To Build The Ultimate Salad, You Need To Use Your Taste Buds
You may feel like you have mastered the skill of whipping up a salad. However, your salad may not have achieved the ultimate balance of tastes. To achieve this perfect balance in your salad, you want to reach the perfect equilibrium between all your ingredients.
To be salad aware, one must consider the sweet, sour, spicy, salty, and bitter elements throughout. Is the salad too salty, with bacon, cheese, and olives? Or does it need a slightly sour note from the addition of lime or grapefruit? Is your spicy homemade sriracha overwhelming the more subtle flavor of bitter greens? These questions can quickly be answered by your taste buds.
Before constructing your salad, consider each ingredient and which category it will fall into. Then, you can start to build. Ideally, you want each taste to shine through in its very own way. You don't want ingredients to overpower one another.

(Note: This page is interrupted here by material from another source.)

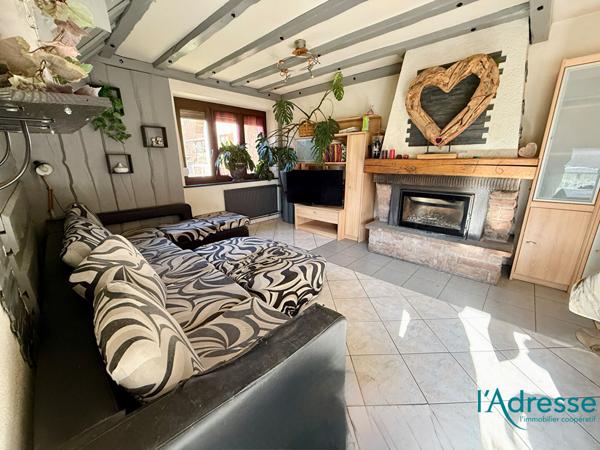 Maison idéale pour une famille à la recherche d'espace et de luminosité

Try adding sweet, sour, and spicy ingredients
Using sweet, spicy, and sour ingredients can help to balance the flavors in your salad and satisfy your taste buds. When considering sweet salad toppings, think of fresh and dried fruits like apples, cranberries, and mangos. Or, consider sweeter vegetables, like carrots, beetroot, and sweet potatoes. Herbs like basil or sweet mint may also add a touch of sweetness. Consider, as well, if you're marinating an ingredient in a sweet sauce like teriyaki, how this will lean into the sweeter elements of the salad. This logic will apply to the dressing, too.
Regarding spiciness, chili is an obvious fiery addition. However, it's essential to identify how other ingredients may heat up your salad — for instance, ginger, mustard, arugula, harissa paste, spices, and seasonings. If you're not a fan of spice, stick to milder options, like black pepper, and build your salad from there.
Sour salad ingredients may not be as physically apparent as the sweet ones, but they can be extremely overpowering. Citrus and vinegar are common dressing ingredients with a zesty and tart kick. But sourness can also come from pickled ingredients. Before adding any element to your salad, check how sweet, spicy, or sour it is.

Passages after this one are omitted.